まず、演奏会場のステージで緊張してしまうのは、なぜでしょう。空間が広いこと、客席にお客様や審査員がいること、楽器が違うことなど、ふだんとは異なる環境が緊張させるのかもしれません。

それに、自宅なら自分の好きな時に好きなだけ弾けますが、演奏会では自分の生理と無関係に出番がやってきますし、特に鍵盤楽器の場合は、鍵盤に触れられない時間が長く続いた後、いきなり本番が来るというパターンがほとんどですから、なんとなくタイミングが悪い時に弾かなければならないこともあります。

さらに、過度な緊張はコントロールを乱すばかりか、発汗やお腹の調子が悪くなるなど、演奏に支障をきたす症状をも誘発しますので、かなり厄介です。

理想は、本番でも気を散らさずに自分をきちんとコントロールできる状態を保つこと。そして本番そのものを楽しんで、弾く歓びを全身で感じること。そこには冷静で平常心の自分と、歓びに震える自分とが同居します。
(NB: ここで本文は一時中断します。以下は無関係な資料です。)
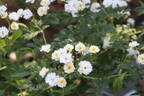 Starkodder rose photo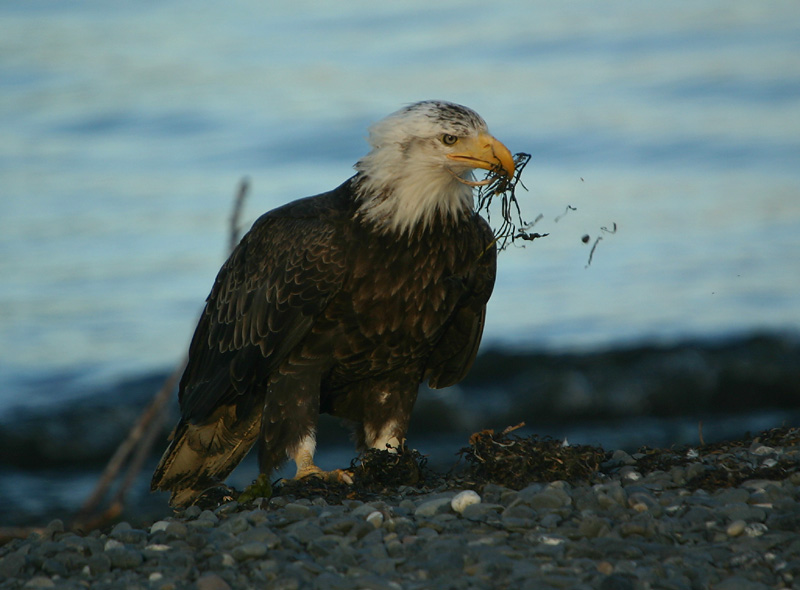 Grabbing some nest material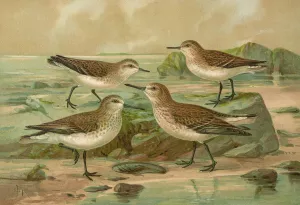 Tringa alpina, Tringa alpina Schinzi, Tringa minuta Leisl, Tringa Temmincki Leisl Oil painting by Johann Friedrich Naumann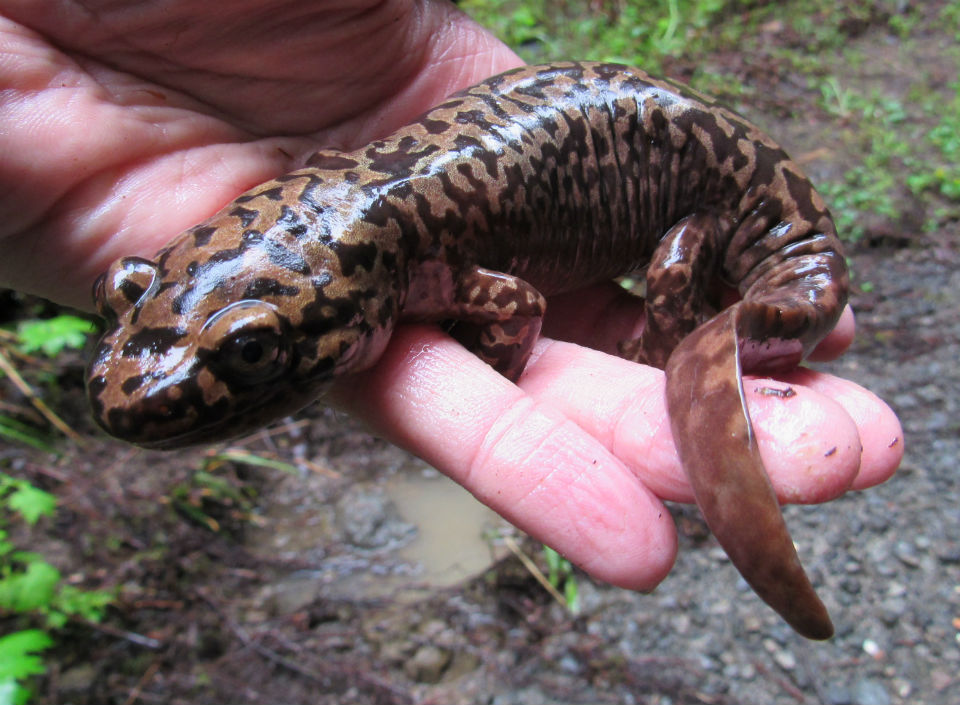 California Giant Salamander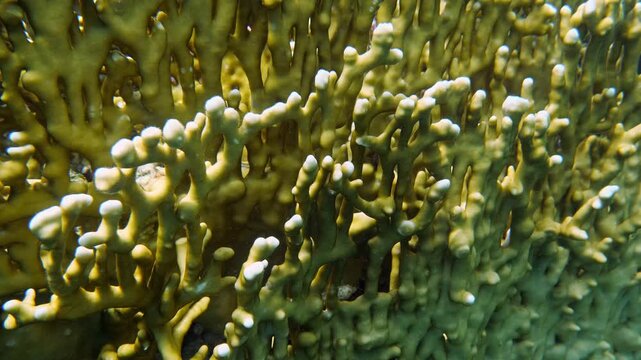 Close-up of grid fire coral (Millepora dichotoma) underwater with detailed structures, Mangrove Bay, El Quesier, Egypt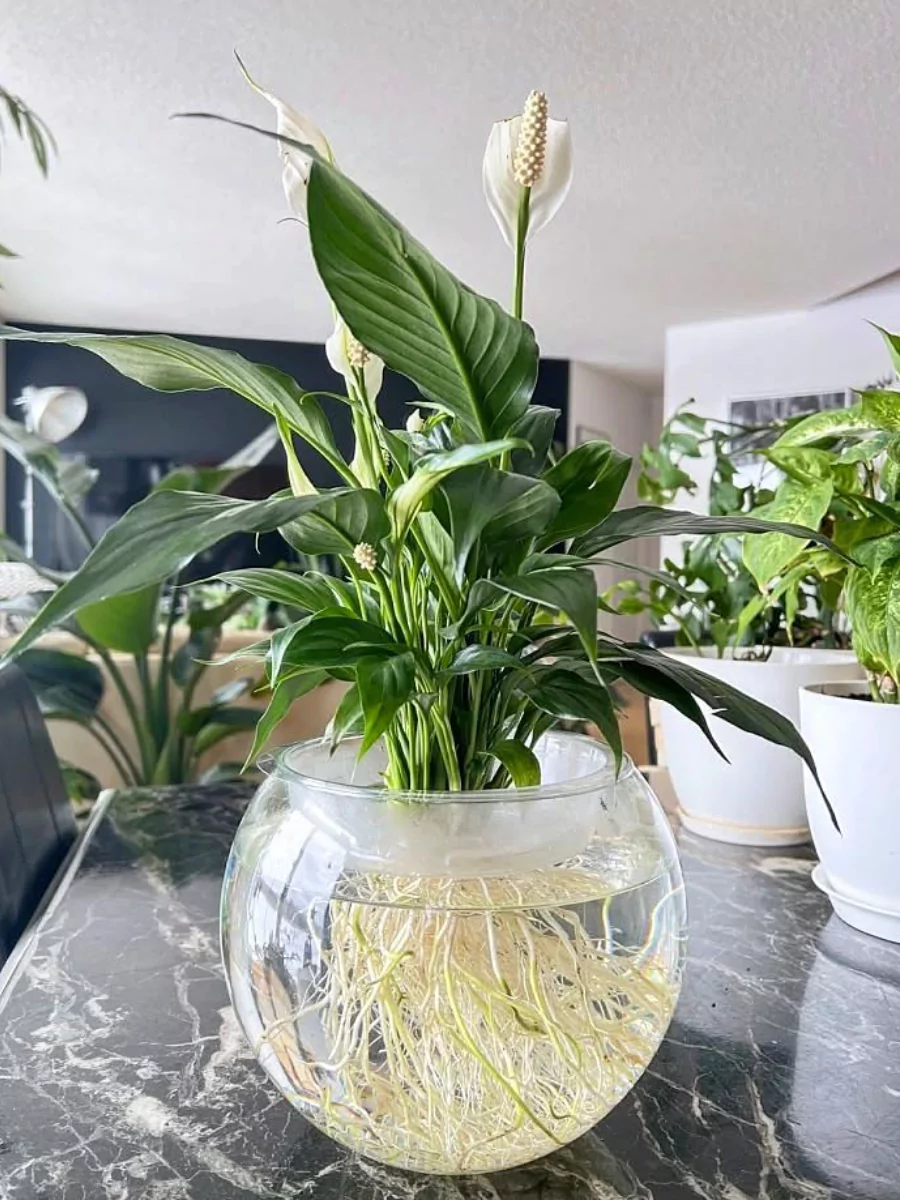 Tanaman hias peace lily di dalam pot bundar kaca bening yang diisi air.
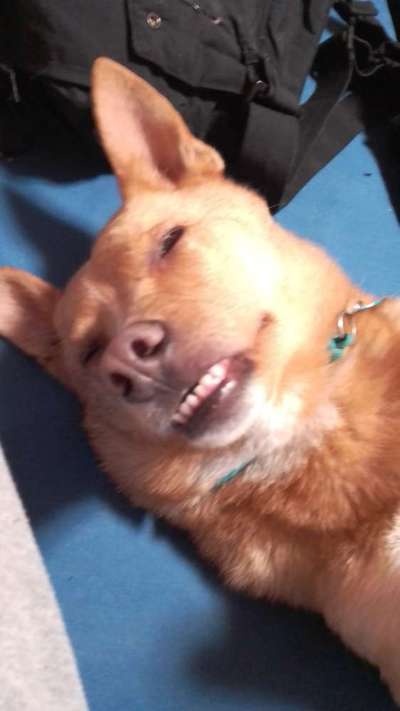 Mischlingshunde Foto Aufruf-Beitrag-Bild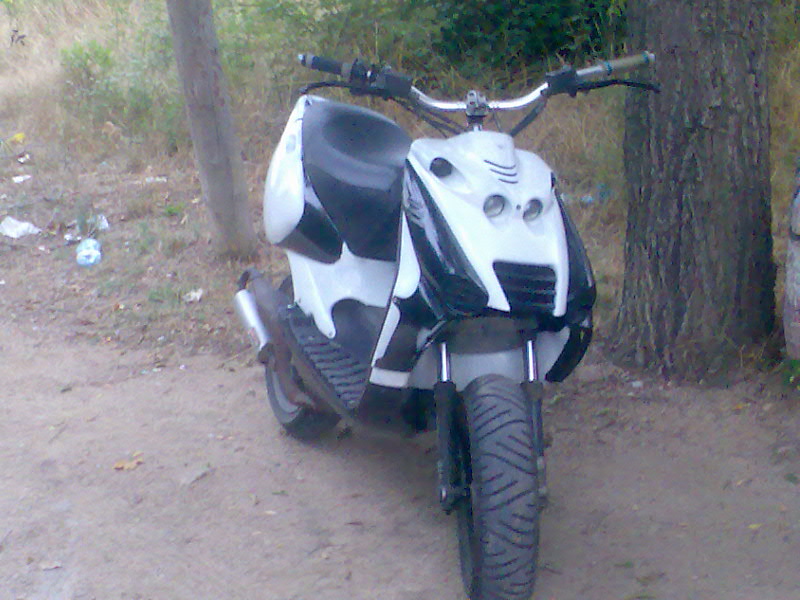 imagen026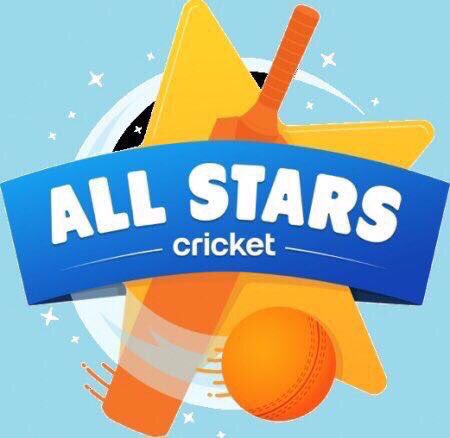 Newbridge Cricket tweet media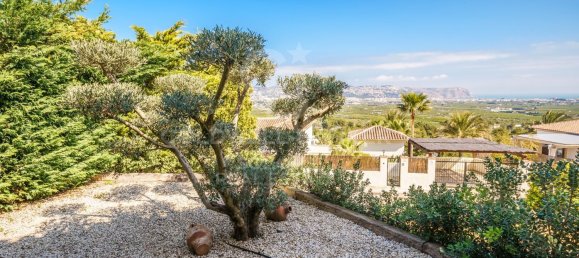 4 chambres Villa à Alicante, Spain No. 82568 46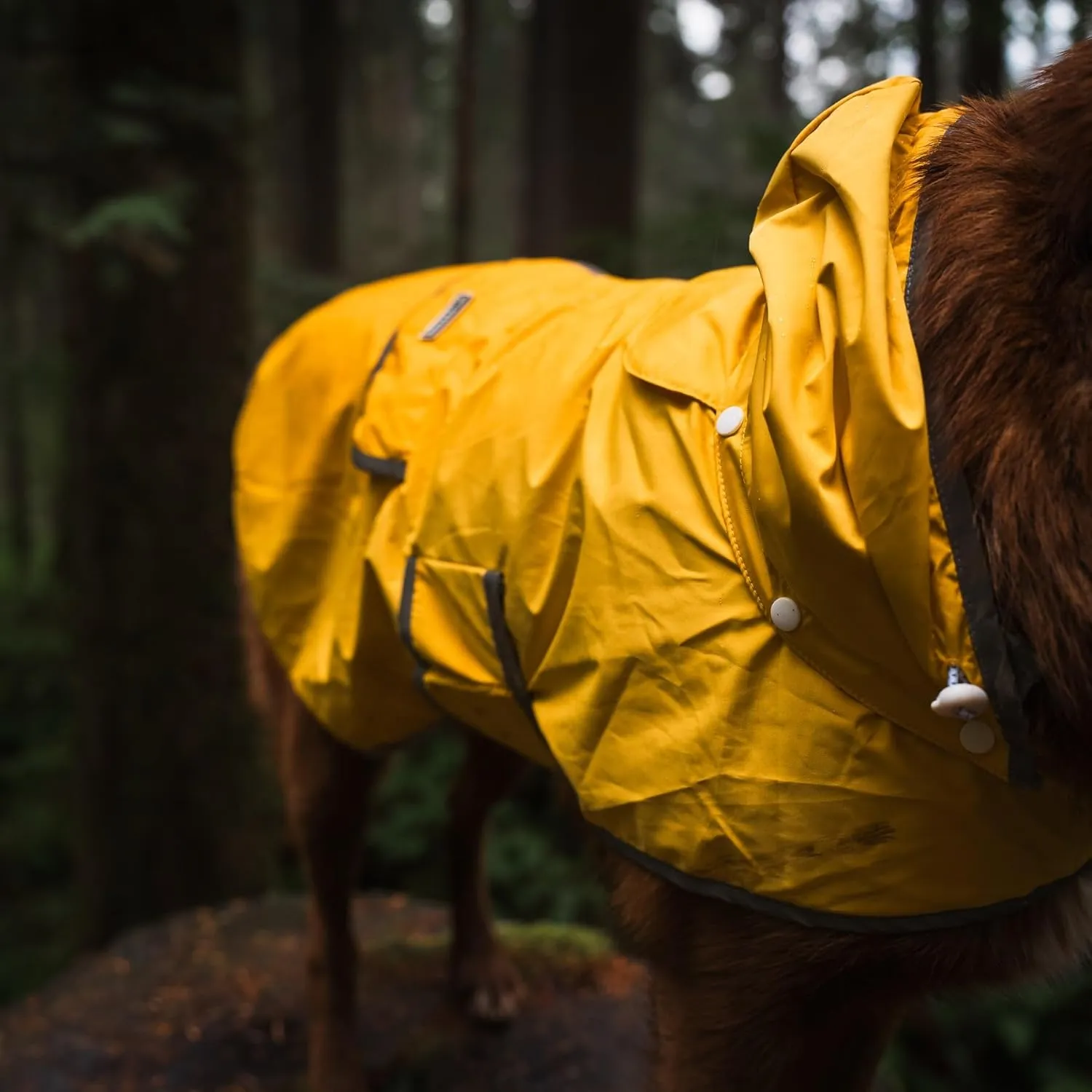 Wilderdog Dog Jacket Waterproof Raincoat with Breathable Interior, Removable Hood, Torso Strap, Secure Closures, Back Pocket and Two Hanging Loops, Foldable into Back Pocket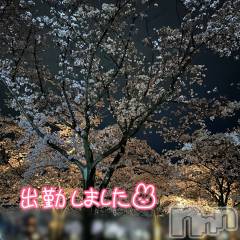 長岡デリヘルMimi(ミミ) 体験すい(20)の4月11日写メブログ「出勤✨」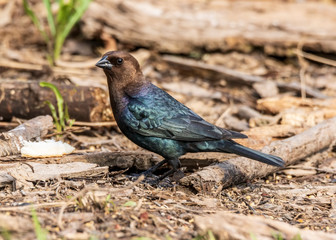 Obraz premium A beautiful male brown-headed cowbird walking on the forest floor.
そのためには、準備が必要です。当たって砕けろの精神も立派ですが、準備なしで奇跡に頼れるほど、舞台は甘くありません。

まずは、自宅練習の際、できるだけ異なる環境をシミュレーションする工夫をしましょう。いつも壁向きの楽器を引っ張りだして、少しでも角度を変えて弾いてみるのもひとつ。

照明を変えてみるのも効果大です。いろいろな明るさにしてみたり、スポットライトを思わせるようなムードのある照明の中で弾いてみると、本番のイメージにぐっと近づきます。

家族や友達を練習室に呼んで、演奏を聞いてもらうのもひとつです。人前で弾くとなれば、いつもとは違う神経にスイッチが入りますので、それに慣れておくと有利です。

これは何度もお伝えして来たことですが、毎回の稽古の際、最初の一回が肝心。長い時間楽器を離れていて最初に弾いた演奏に実力が出ます。1回目の本気に慣れておけば、長い待ち時間の後での本番も怖くありません。

また、本番時の不安材料をあらかじめ消化しておくことも大切です。自宅と会場で最も違うのは空間の広さ。自宅で弾いている時から、広い空間を意識しましょう。

10畳の部屋で弾いていても、せいぜい5メートル四方の空間しか支配できません。せめて30メートル四方の空間を意識し、その隅々まで自分の音楽が行き届くような演奏をしましょう。

本番の時は、自分が理解していない要素が多いほど、緊張したり怖いと感じたりするものです。

どのくらいの広さで、どのくらい響く空間で、どのくらい自分の音が聞こえて、どのくらいお客様がいて、審査員がどこにいるか。そのくらいを知っておけば、あとはいつも通りに弾くだけです。

実際に体験できるのは本番当日だけかもしれませんが、シミュレーションは自宅でもできますし、自分がよい演奏しているところを想像するイメージトレーニングも有効です。

さあ、本番気分での練習を重ねて、ステージでも気持ちよく思い通りの演奏をして下さい。